La prochaine séance du séminaire Combi du Plateau de Saclay aura lieu ce mercredi à 10h30 dans la salle Philippe Flajolet du LIX. Isaac Konan (IRIF, Université Paris Diderot) nous parlera de “A round trip from crystal bases to integer partitions”.

Le programme du séminaire est disponible ici : https://galac.lri.fr/pages/combi-seminar.html

Résumé: The representation theory of Lie algebras occurs as a rich source of partition identities. This started with Lepowsky and Wilson’s proof of Rogers-Ramanujan identities via the representation of level 3 standard module for the affine type A₁⁽¹⁾. A good example of an identity generator is the (KMN)² crystal base character formula. Starting from this result, Primc gave two identities on the character of the standard module L(Λ₀) for the affine types A₁⁽¹⁾ and A₂⁽¹⁾. In recent works with Dousse, our starting points are the identities given by Primc. We first built a family of colored partitions with n² colors, whose cases n = 2 and n = 3 respectively give the Primc partitions for affine A₁⁽¹⁾ and A₂⁽¹⁾. We then related those Primc generalized partitions to another family of combinatorial objects, the generalized Frobenius partitions, and were able to give nice explicit formulas for their generating functions.
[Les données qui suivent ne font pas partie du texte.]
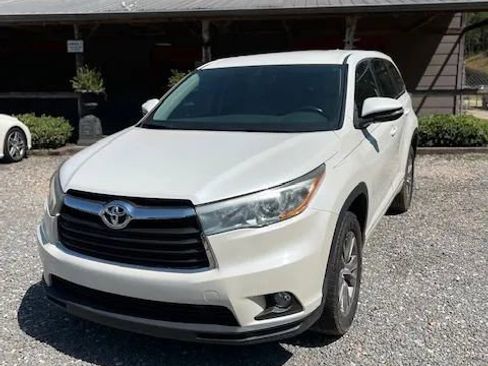 Used 2016 Toyota Highlander LE image 2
Then, we moved back to crystal base theory by proving that our Primc generalized partitions were the corresponding objects for the affine A_n − 1⁽¹⁾. This allowed us to give an explicit non-dilated formula of the characters, not only for L(Λ₀) but for all the level 1 standard modules L(Λ_l) with l ∈ {0, ⋯, n − 1}, as a sum of (n − 1)! series with obvious positive coefficients.